Train at Sossusvlei off the table

Project fails environmental impact assessment
Katharina Moser
A proposal to build a train as the only access for tourists to Sossusvlei created consternation in March, with many fearing that the natural wonder would be destroyed.
Now Green Earth Environmental Consultants, which completed the environmental impact assessment, says the project will not go ahead because it is not financially or technically feasible and will have a negative impact on the surrounding area. The same applies to the planned tethered hot air balloon, for which another site is being sought, she said.
In March, environment minister Pohamba Shifeta granted Sky Eye Tours & Hospitality the concession rights for the project, on the condition that the Monuments Council does not object, that the state-run rest camp operator NWR be engaged and that the company have an environmental clearance certificate (ECC).
However, this same environmental impact assessment has now revealed that the project could prove harmful to the environment in many ways.
According to documents, “it will change the character of the place - that's the biggest concern. It is now a place of untouched natural beauty. This is one of the great attractions and a unique selling point for visitors. Namibia is one of the few countries in the world that still has sites untouched by modern development, and at the same time they are quite easily accessible,” the consultants said.
“Namibia sells itself to tourists who are attracted to the character of Namibia's wilderness and unspoiled beauty. That has become very rare in the world, and if Sossusvlei becomes another ‘Disneyland’, Namibia will lose an important unique selling point.”
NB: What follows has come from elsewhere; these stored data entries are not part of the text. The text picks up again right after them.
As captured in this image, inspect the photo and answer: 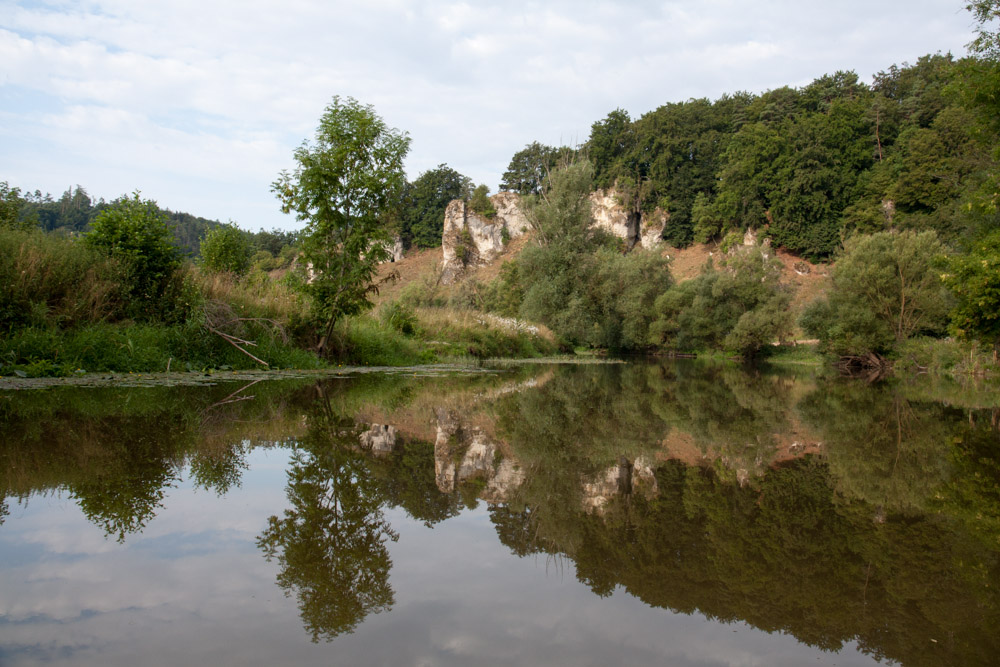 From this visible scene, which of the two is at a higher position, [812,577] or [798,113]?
[798,113]

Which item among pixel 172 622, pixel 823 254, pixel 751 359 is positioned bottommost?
pixel 751 359

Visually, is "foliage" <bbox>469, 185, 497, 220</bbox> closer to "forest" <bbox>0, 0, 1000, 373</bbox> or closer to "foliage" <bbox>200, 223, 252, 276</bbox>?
"forest" <bbox>0, 0, 1000, 373</bbox>

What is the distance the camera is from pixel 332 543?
2607 millimetres

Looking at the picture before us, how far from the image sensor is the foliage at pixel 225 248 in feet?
63.0

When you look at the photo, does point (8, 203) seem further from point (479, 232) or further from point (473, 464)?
Answer: point (479, 232)

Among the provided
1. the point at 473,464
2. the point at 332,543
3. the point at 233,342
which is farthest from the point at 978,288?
the point at 332,543

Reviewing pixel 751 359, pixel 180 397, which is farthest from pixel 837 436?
pixel 751 359

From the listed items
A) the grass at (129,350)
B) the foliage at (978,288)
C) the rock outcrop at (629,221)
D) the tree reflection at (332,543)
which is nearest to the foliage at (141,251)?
the grass at (129,350)

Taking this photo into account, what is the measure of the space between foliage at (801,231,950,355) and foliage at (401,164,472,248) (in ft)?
258

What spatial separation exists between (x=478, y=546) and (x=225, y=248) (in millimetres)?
19821

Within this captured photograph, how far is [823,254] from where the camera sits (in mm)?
61156

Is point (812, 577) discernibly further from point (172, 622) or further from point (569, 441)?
point (569, 441)

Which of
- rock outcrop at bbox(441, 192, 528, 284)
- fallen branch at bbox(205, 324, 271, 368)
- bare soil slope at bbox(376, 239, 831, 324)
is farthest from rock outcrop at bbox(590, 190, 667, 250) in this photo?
fallen branch at bbox(205, 324, 271, 368)

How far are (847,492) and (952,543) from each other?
94 cm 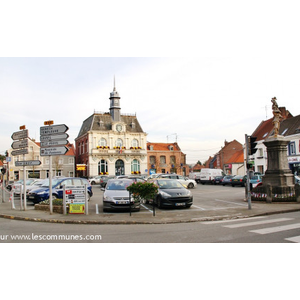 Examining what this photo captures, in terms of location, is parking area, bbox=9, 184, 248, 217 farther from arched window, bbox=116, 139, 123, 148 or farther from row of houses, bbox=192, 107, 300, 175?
arched window, bbox=116, 139, 123, 148

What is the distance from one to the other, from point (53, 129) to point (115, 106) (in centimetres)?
5153

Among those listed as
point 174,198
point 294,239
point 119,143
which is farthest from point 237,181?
point 119,143

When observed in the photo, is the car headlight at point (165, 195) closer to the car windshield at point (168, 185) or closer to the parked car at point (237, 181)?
the car windshield at point (168, 185)

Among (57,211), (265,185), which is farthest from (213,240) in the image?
(265,185)

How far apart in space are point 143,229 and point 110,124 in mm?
54365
In addition, he said, the area needs to be protected as a UNESCO natural heritage site. It could not be proven that the damage caused by the tracks of the cars was greater than that caused by the train. The possible need to build a railway line for the train could destroy the beauty of the entire preceding Tsauchab Valley.
Furthermore, there will be increased litter and noise pollution, while the long and costly construction phase could erode the soil and scare away game.
In addition, the consultants doubt the financial viability of the project: There are no precautionary measures in case the investors lose interest or go bankrupt. Moreover, the necessary investment would be enormous.
The consultants are also worried about the quality of tourism and the situation of other surrounding operators. After the pandemic, tourists would no longer be interested in being crammed into wagons in groups. Furthermore, Sky Eye Tours & Hospitality were given a monopoly over the area: “This rings several alarm bells. It will become more expensive for Namibians to visit their own natural heritage sites. What happens in the event of a train system breakdown? And the monopolisation of access to such an important site in a national park by a private company that was not selected in an open bidding process raises questions.”
The consultants added that the operator may not have enough experience in tourism and train operations, NWR may lose income, and communication with the Ministry of Environment has been poor.
The train project thus seems to be off the table - both surrounding tourism operators and fans of nature untouched by humans as much as possible should now breathe a sigh of relief.